Old Document Governs for Dependent Who Missed Enrollment Deadline

April 17, 2009 (PLANSPONSOR.com) - The U.S. District Court for the Northern District of Illinois has determined that a health plan document in effect on a dependent's enrollment deadline, rather than the new one in effect when benefits were denied, governs the determination of whether the dependent is eligible to participate in the plan.

EBIA reports that on several occasions before she retired, an IBM employee asked her employer’s health plan to tell her what she had to do to add her disabled dependent adult son to her retiree coverage under the plan. Initially she was told that she only had to list her son as a
“contact” in the plan’s records, which she did before she retired, the news report said.

However, shortly after the employee retired the plan refused to enroll her son because she had not filed a written application with the plan on behalf of her son at least 60 days before her son’s 23rd birthday, a deadline that had passed more than two years before the employee retired. The employee filed written requests for plan documents, including the version of the SPD that had
been in effect on the application deadline, but the plan furnished only the SPD (the SPD was also the plan document) that was in effect when it refused to enroll her son, according to EBIA.

The SPD that was in effect when it refused to enroll her son imposed the written application requirement, but the version in effect on the application deadline did not.
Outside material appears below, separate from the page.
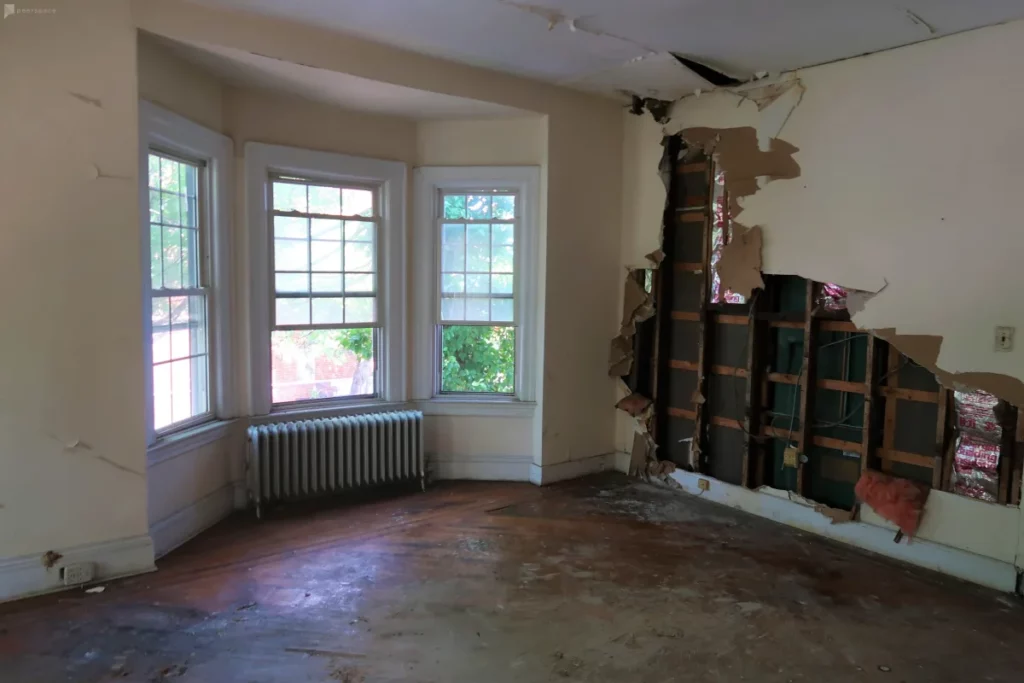 8 Abandoned Houses You Can Rent in NYC - Peerspace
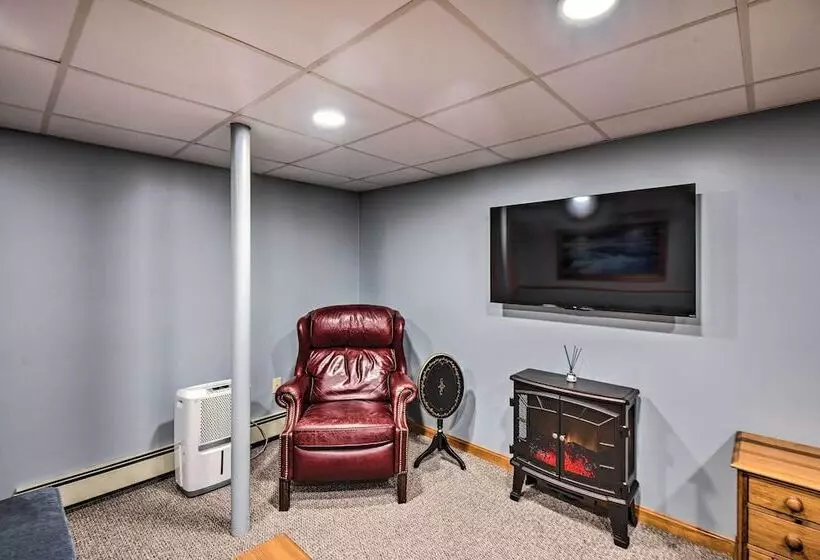 Charming Saco Home W/ Deck, 5 Mi To Beach!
After her administrative appeals were rejected, the employee sued the plan and the plan administrator, seeking health benefits for her son and statutory penalties for failure to furnish the requested plan documents.

The plan argued that the only relevant SPD was the one in effect at the time the son’s enrollment was denied, but the court determined that if the son’s enrollment was denied because the
employee failed to meet an application deadline, the relevant version of the SPD was the one in effect on that deadline. The court ruled the plan acted arbitrarily and capriciously in refusing the son’s enrollment.

The court ordered that the son be enrolled in the plan immediately and held the defendants liable for statutory penalties for failure to furnish the earlier version of the SPD.